I pull him to the back of the school, where I'd seen the man disappear, and I see a white door, just the tiniest bit ajar. I pull it open and smile, even as Yasser's sniveling grows louder. This looks like the junk closet: old broken chairs, decaying standing on their heads, and cobwebs dusting the top of them. No one has been in here for ages, and it smells like mold.

I shove Yasser inside even as he yelps, then I slam the door behind him even as he reaches out towards me, lunging for the closing door. The man is not around, but my heart is pounding. There's a latch on the outside, for some reason, and I pull it closed just as Yasser lands a hard kick to the bottom of the door.

But it is thick and solid, and all I hear is a howl of pain, perhaps as Yasser grabs for a bloodied toe.

"Yasser," I say.

But he is still blubbering.

Another kick comes. Another howl.

"Yasser. You need to stop acting like a rabid dog." I say. "You need to behave."

There is a scratching from the other side of the door, along with short shallow yelps. He's getting desperate. I smile. Soon he will come to his senses.

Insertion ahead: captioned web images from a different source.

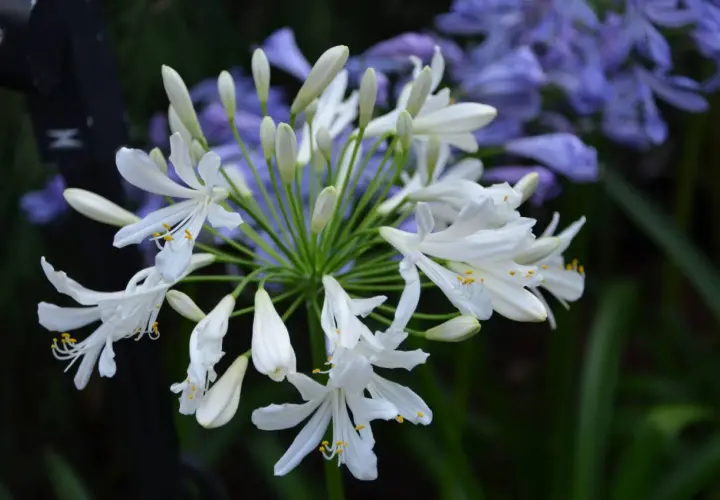 Gros plan sur une ombelle d'agapanthes blanches aux pétales délicats, avec des bourgeons et des fleurs bleues floues en arrière-plan. Ces graines agapanthe promettent de nouvelles floraisons.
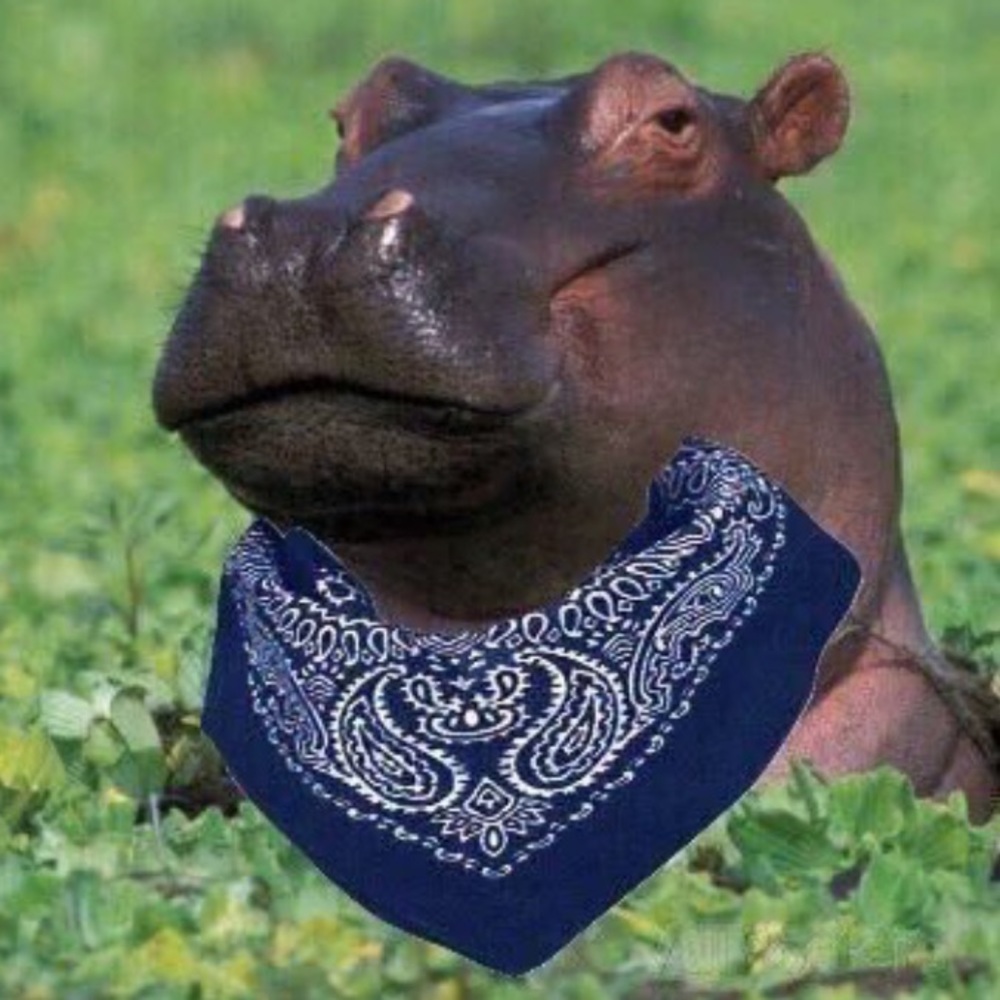 Meet your Posher, Noah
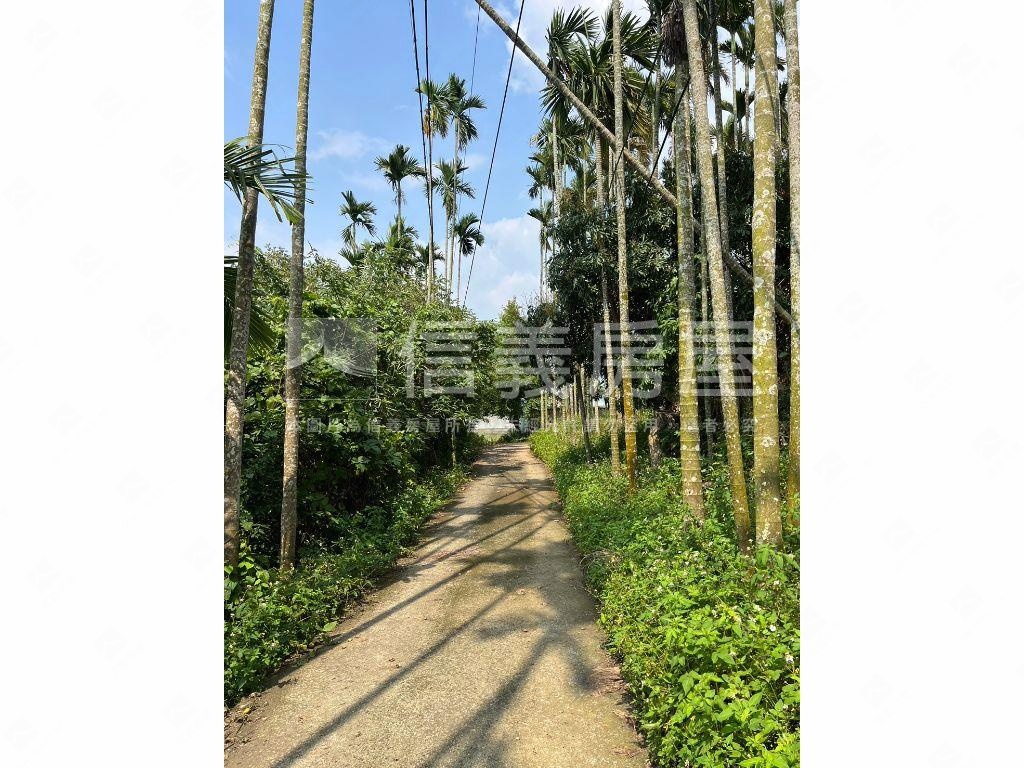 南投名間千坪土地房屋室內格局與周邊環境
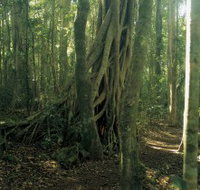 Lamington National Park Binna Burra Section - Tourism Adelaide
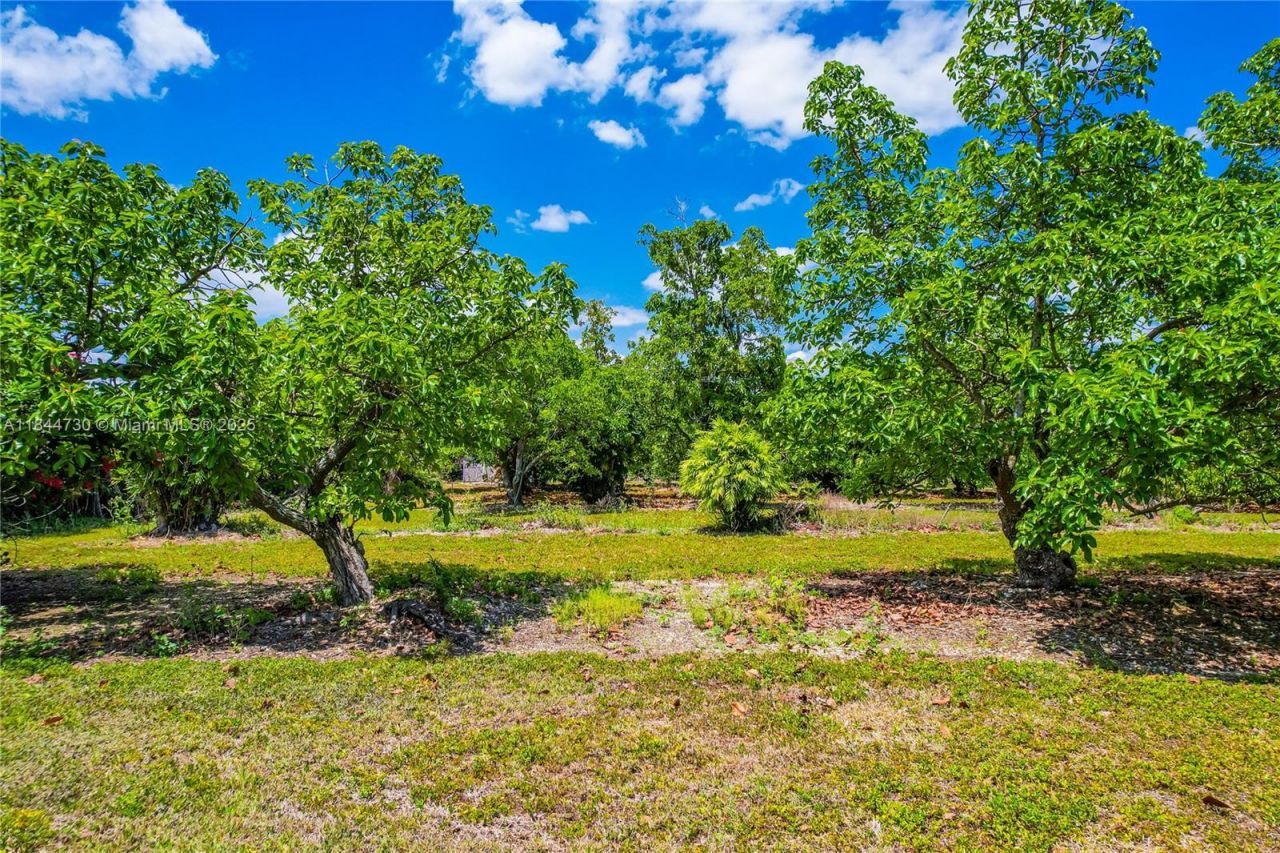 254xx SW 217ave, Homestead, FL 33031 Photo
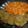 El cooksnap de Yamii Pereyra cuando hizo Milanesas de berenjenas napolitana.
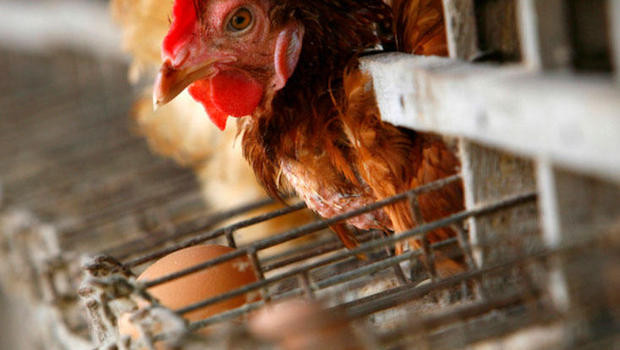 Việt Nam không bị ảnh hưởng bởi lệnh cấm nhập gia cầm của Saudi Arabia ảnh 1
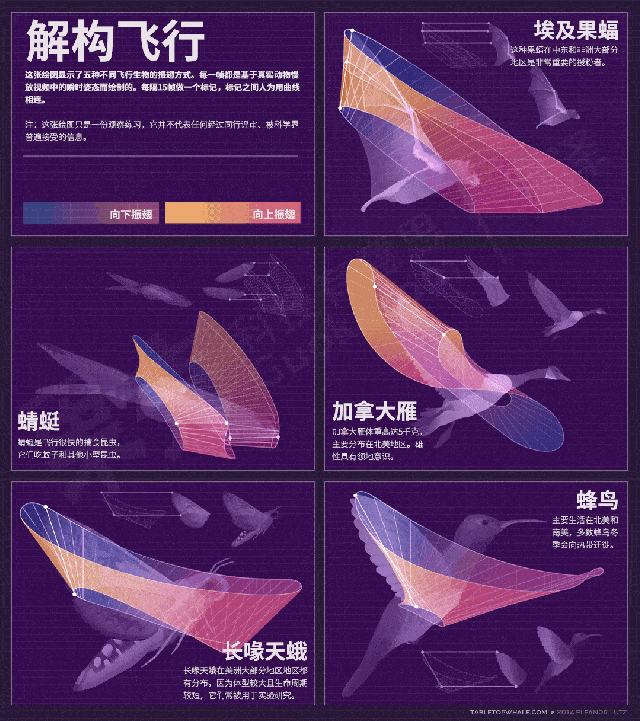 小小飞行梦|南京航空航天大学6天5晚科学营_手机搜狐网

Soon I'll have scared the devil out of him.

"I'll come back later," I say, and then I turn to go.

At the corner, right as I'm about to turn back to the front of the school, I look back at the door and a twinge of pity fills me. I should get him. I should open the door and let him rain his punches down on me.

But I don't. Yasser has started howling again. And who else will bother to teach him? Mother won't, that's for sure.

I shut my eyes hard and then open them again. In a second I'm out on the other side of the schoolyard and then I run back through the covered courtyard of the main building and then through the open gate.

As my stomach contracts it takes all my focus away from Yasser and concentrates it back on my mother's purse, hidden in her best dress in the back of her makeshift closet.